Au lendemain d'une sortie publique de sinistrés des inondations historiques du printemps dernier, en Montérégie, qui ont dénoncé la lenteur du gouvernement à les indemniser, La Presse a visité deux ménages qui n'ont toujours pas reçu d'aide du gouvernement. Témoignages de citoyens en détresse.

Jean-Guy Gévry, 72 ans, revenait de chez le médecin, hier après-midi. «J'ai plusieurs problèmes de santé. Je n'ai plus assez d'oxygène dans le sang. J'ai des étourdissements et des maux de tête», résume l'homme, qui ne peut réprimer sa toux. Selon son médecin, ces troubles sont liés à la présence de moisissures dans sa maison.

En entrant dans la demeure de M. Gévry à Saint-Blaise, on est frappé par la forte odeur de moisissure. Impossible de réaliser l'entrevue à l'intérieur. Et pourtant, M. Gévry vit dans cette maison.

«Depuis quelques jours, je dors dans ma roulotte dans la cour. Mais il fait déjà froid. Je ne vais pas pouvoir rester ici tout l'hiver», dit-il.

Une bataille après l'autre

L'évaluateur du gouvernement a estimé que le domicile de M. Gévry pourrait être rétabli simplement en réparant quelques fissures dans les fondations. Mais l'entrepreneur qui est venu faire une estimation des travaux n'est pas de cet avis. «Il dit que je dois refaire les fondations en entier. J'ai des fissures sur tous les murs. Mon plancher est gondolé. Ce n'est pas en patchant que ça va se régler», résume M. Gévry.

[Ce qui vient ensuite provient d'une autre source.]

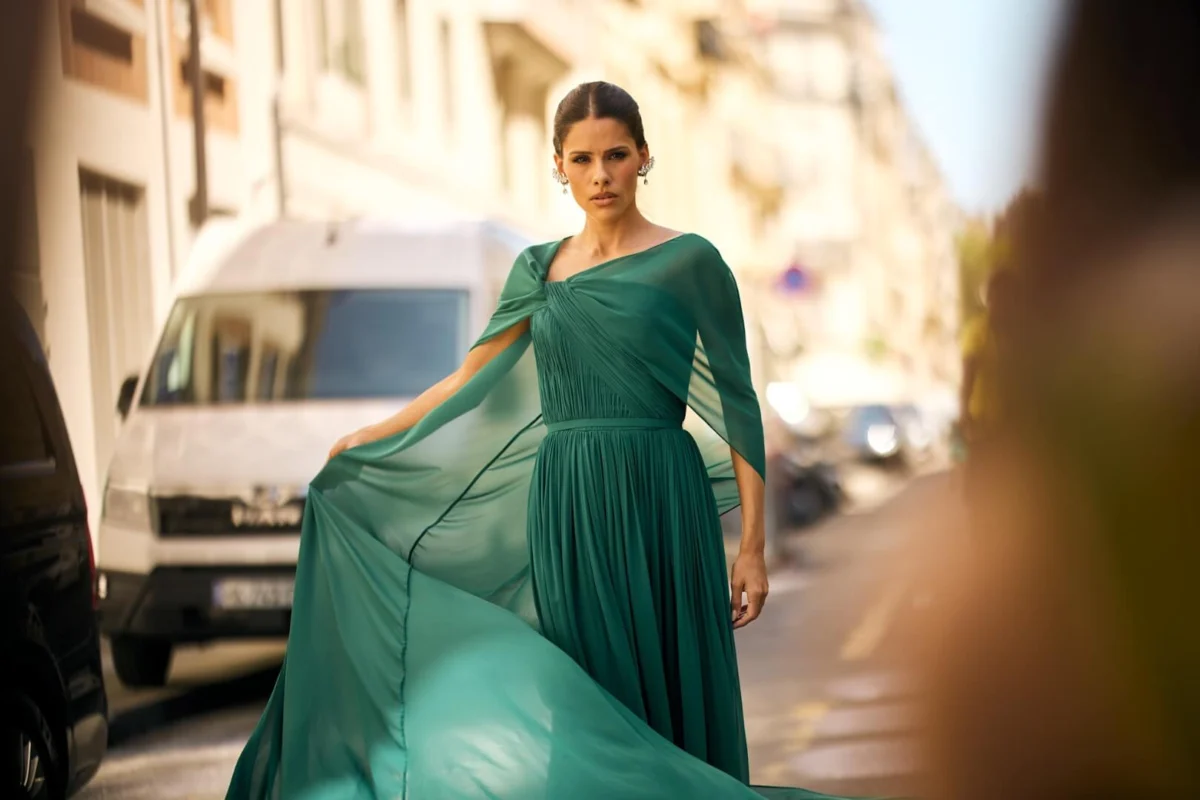 7 nuevos vestidos de invitada de Mango que adelantan las tendencias del otoño 2026 para acertar en las bodas de septiembre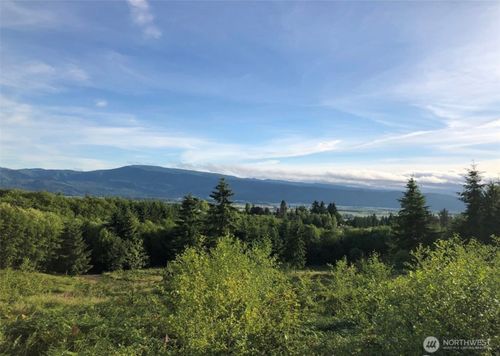 24 Kristy Kay Ln, Cathlamet, WA, 98612-9409 | Card Image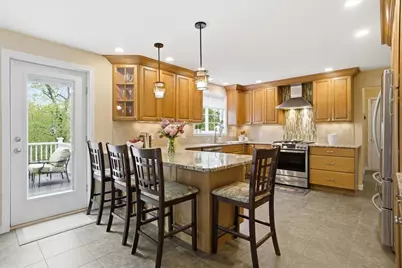 18 Oakridge Dr, Saugus, MA 01906 - Photo 9
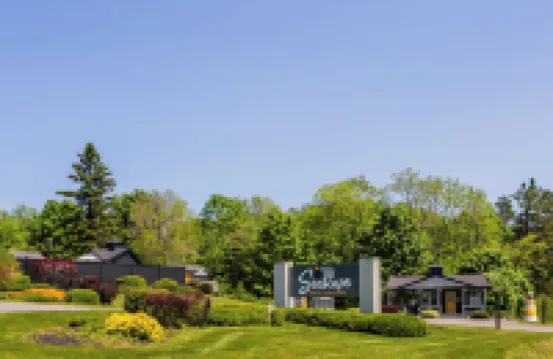 Seascape Motel & Cottages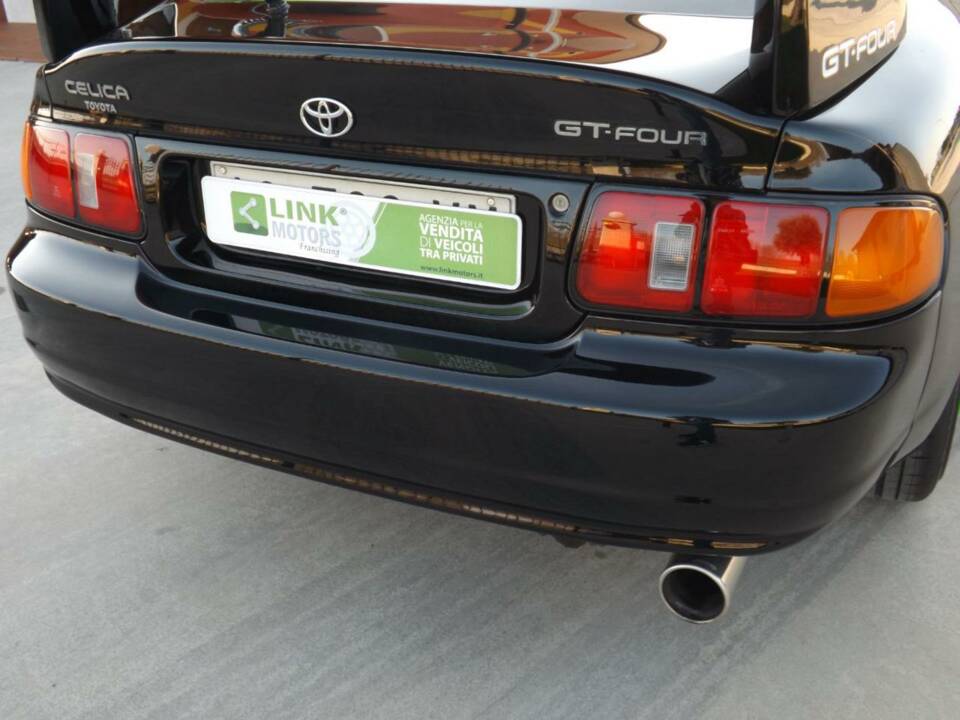 Image 37/50 of Toyota Celica GT-Four (1996)
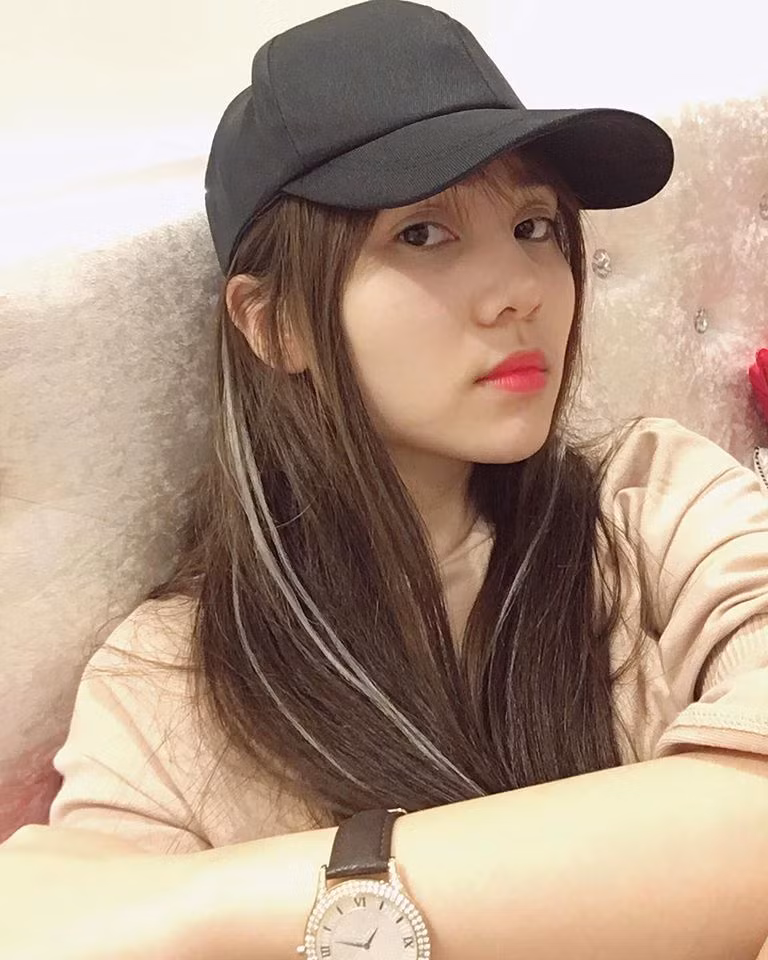 Được biết, mới đây nhất Bạch Diệp đã góp mặt trong phim hài Tết "Đại gia chân đất 7" và đánh dấu sự lấn sân sang nghiệp diễn xuất của cô hot girl Thái Nguyên.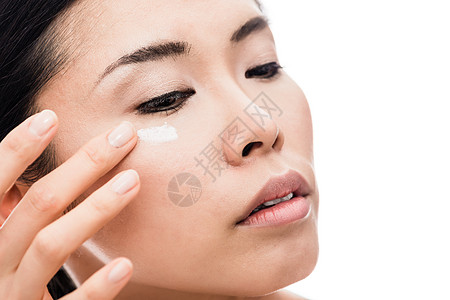 年轻女性使用抗皱眉眼润湿剂图片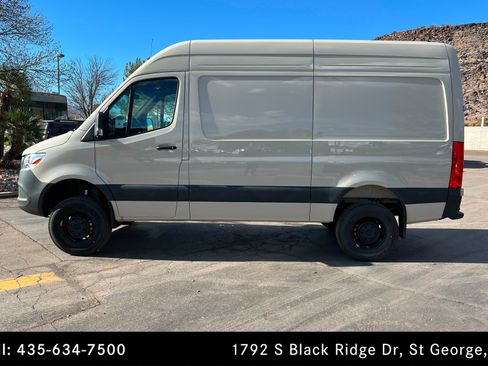 Used 2025 Mercedes-Benz Sprinter 2500 image 2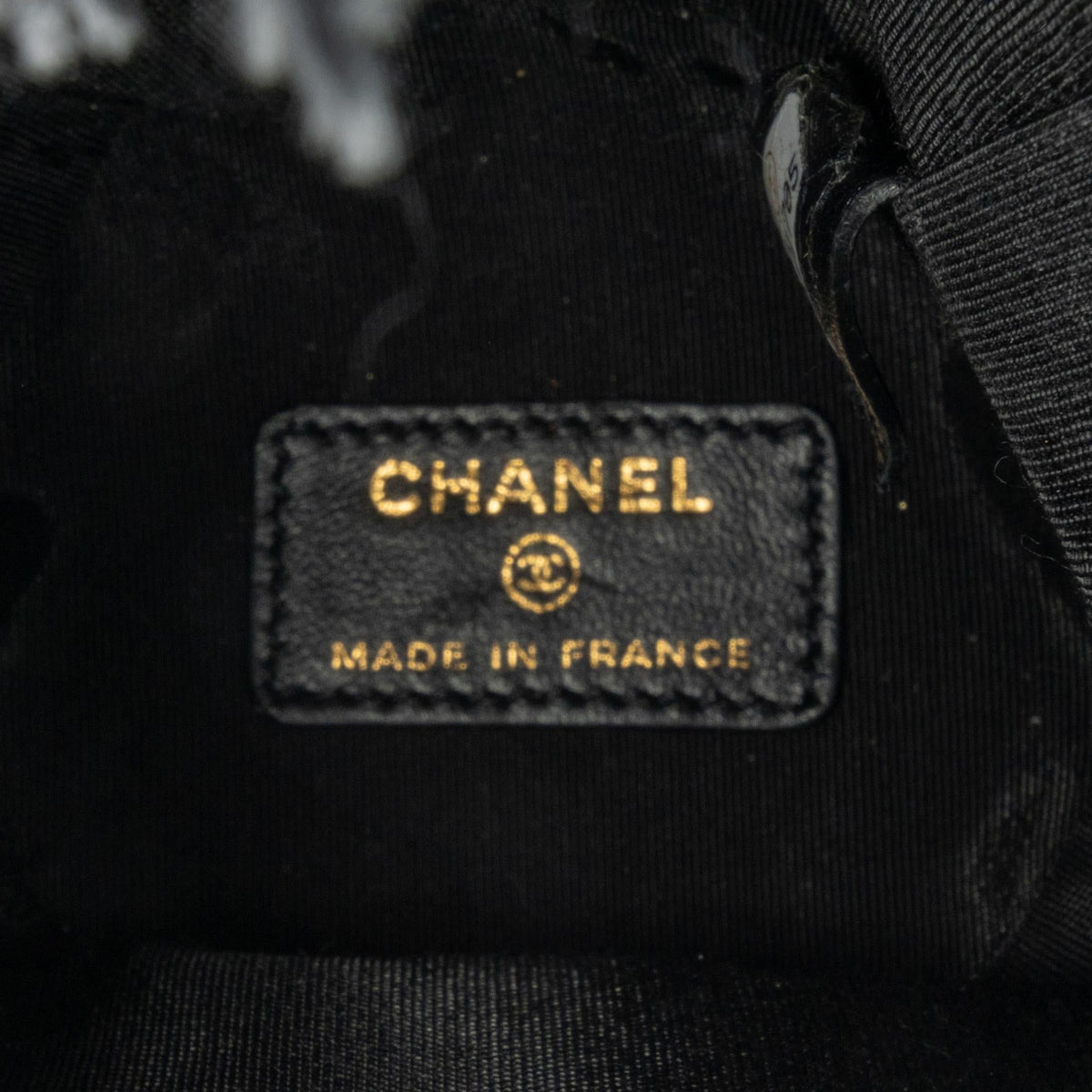Chanel Mini Denim Mood Bucket with Chain (SHG-oUrCJ6)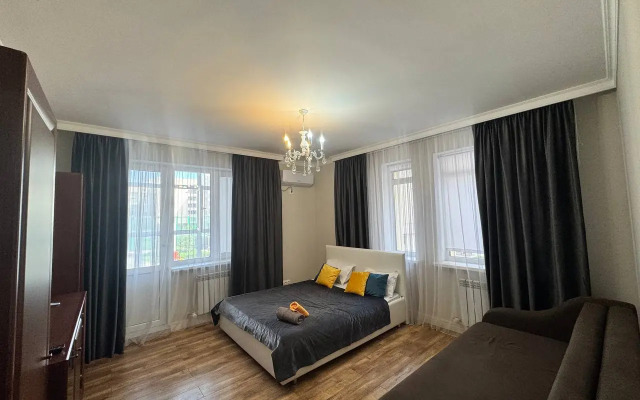 Prostornye Apartamenty nedaleko ot Ekspo, Apartments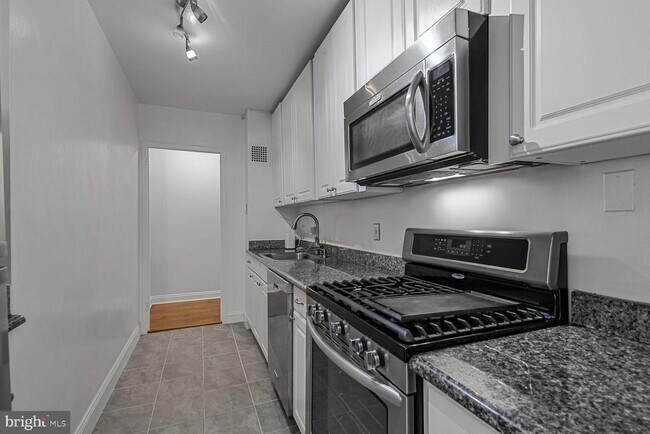 Foto del edificio - 4000 Tunlaw Rd NW
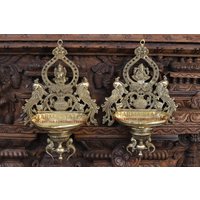 Messing Devya Kalash Ganesha & Lakshmi Wandlampen - Südindien Make Dharma Exclusive von DharmaStatues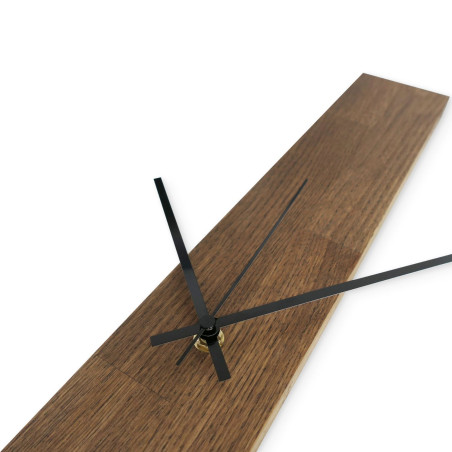Schwarze Wanduhr aus Holz mit einem weichen, matten Finish.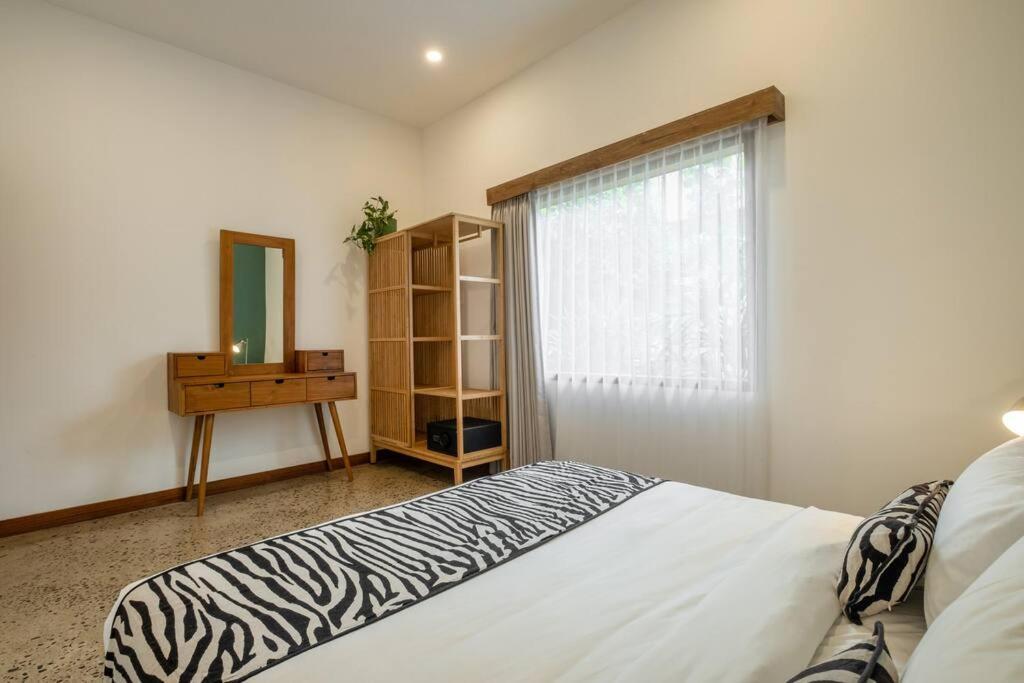 Designer New 3Bdr - Lush Garden+Pool Villa Quần đảo Gili Ngoại thất bức ảnh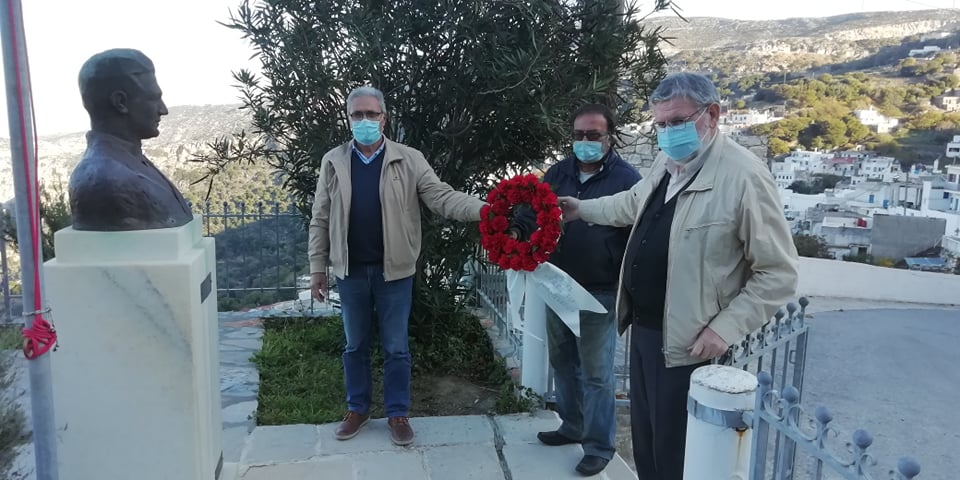 Στην προτομή του Μανδηλαρά στην Κόρωνο, το στεφάνι της τοπικής του ΣΥΡΙΖΑ Νάξου για το Πολυτεχνείο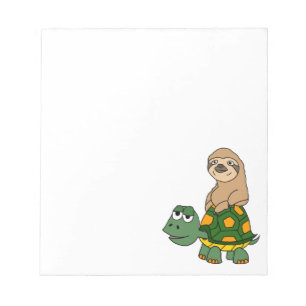 Niedlicher lustiger Sloth auf Schildkröte-Cartoon Notizblock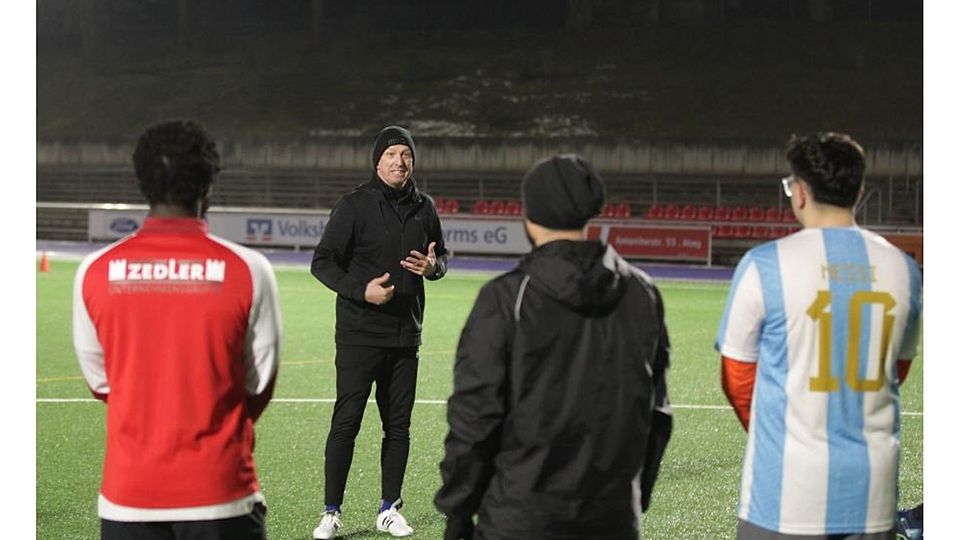 Roland Klein hat sich am Wartberg eingelebt. Der neue Trainer von RWO Alzey verbreitet Zuversicht, ohne falsche Hoffnungen zu wecken.	Foto: Axel Schmitz/pakalski-press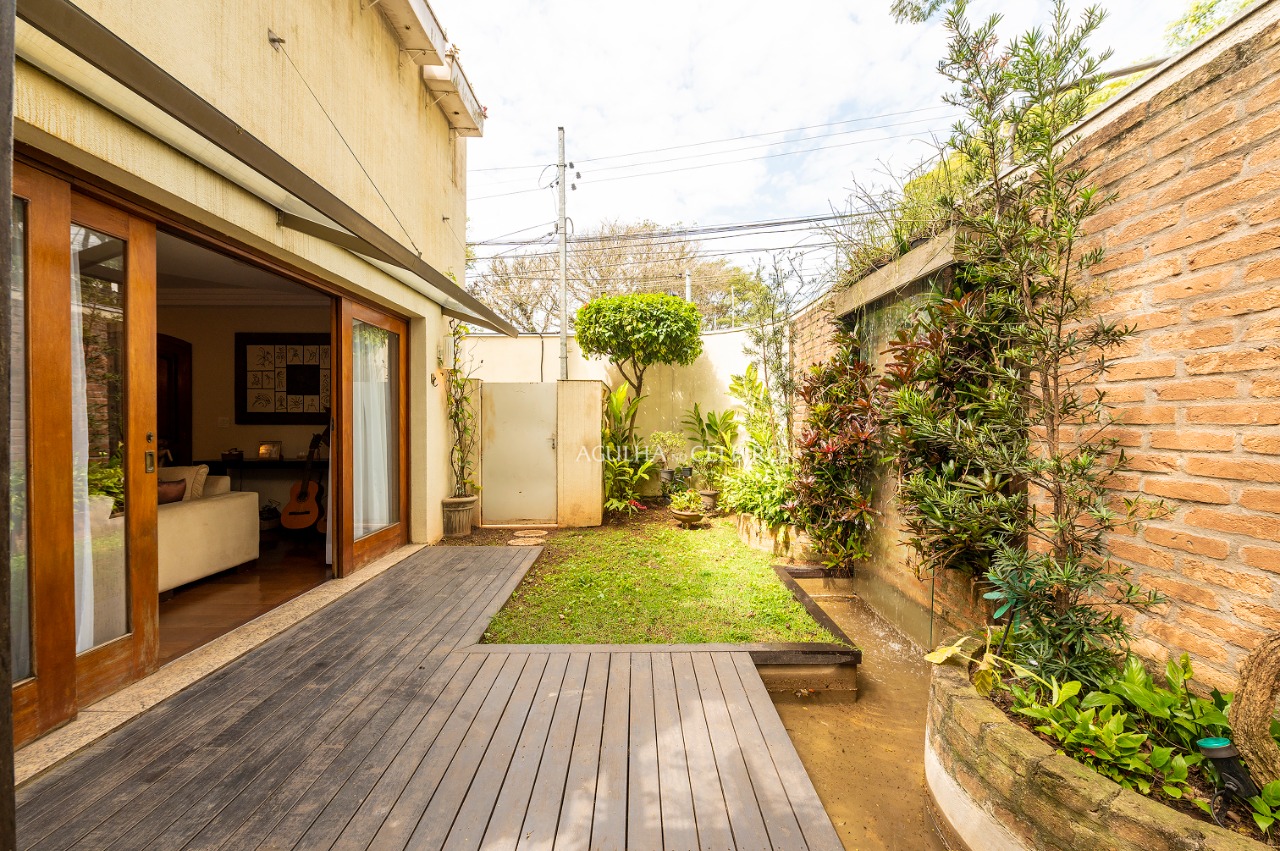 Venda/ Campo Belo: Casa aconchegante e com integração com a natureza! – 9849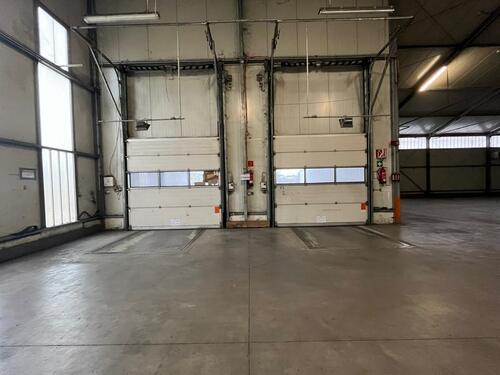 Foto - Top Lagerfläche 1.000 qm mit 2 elektrischen Rampen, ebenerdiges Tor und Freifläche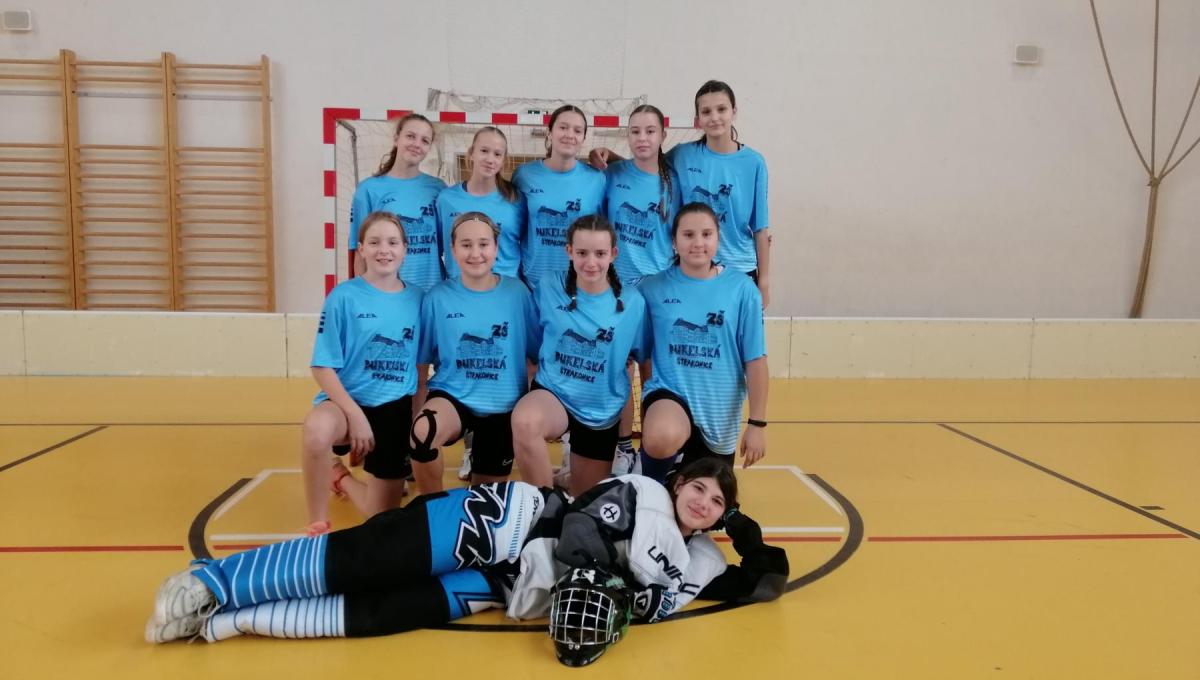 Stříbrná radost florbalistek – mladší kategorie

Pour éviter qu'il ne passe l'hiver dans sa roulotte, les travaux doivent débuter rapidement. «Mais l'entrepreneur doit d'abord prouver à Québec que refaire les fondations au complet est la seule solution. Québec doit ensuite donner son O.K. Je vais attendre combien de temps, moi, encore?», dit M. Gévry.

Ancien combattant, il a l'habitude de se battre. «Mais là, je n'ai plus l'énergie», souffle-t-il.

Comme plusieurs autres sinistrés, il a toujours de la difficulté à obtenir des informations au ministère de la Sécurité publique.

«Mais je n'ose plus me fâcher. J'ai peur que mon dossier soit remis en bas de la pile, dit-il. Quand j'étais inondé, je me battais contre l'eau. C'était concret et je pouvais trouver des solutions. Mais là, on ne peut pas se battre. Tout le monde nous dit que ce n'est pas de leur faute. C'est la faute de qui, d'abord?»

Eau, toux et moisissures

À quelques kilomètres de là, à Iberville, les fondations de la maison de Pierre et Lyne Raymond ont été totalement fissurées par les inondations. À un point tel que dès qu'une pluie forte tombe, leur cave est immédiatement inondée. «Ça entre de partout», résume M. Raymond.

La présence constante d'eau dans la cave depuis sept mois cause un important problème de moisissures. «J'ai du mal à respirer. Je tousse tout le temps», dit M. Raymond.

Le couple envisage de déménager. Mais il est limité dans ses choix, car M. Raymond est en fauteuil roulant. Un entrepreneur est venu visiter la résidence et est prêt à commencer les travaux. «Mais il se bat avec le gouvernement pour être un peu payé à l'avance. Il ne peut pas faire tout sur le bras», résume Mme Raymond.

Conséquence: le couple attend. «On a beaucoup de fatigue accumulée. La patience va lâcher bientôt», note Mme Raymond.

Le cabinet du ministre de la Sécurité publique, Robert Dutil, n'a pas rappelé La Presse hier. Mais dans un communiqué publié mardi, il a indiqué que les démarches de remboursement doivent être rigoureuses «étant donné que l'aide financière octroyée provient de fonds publics».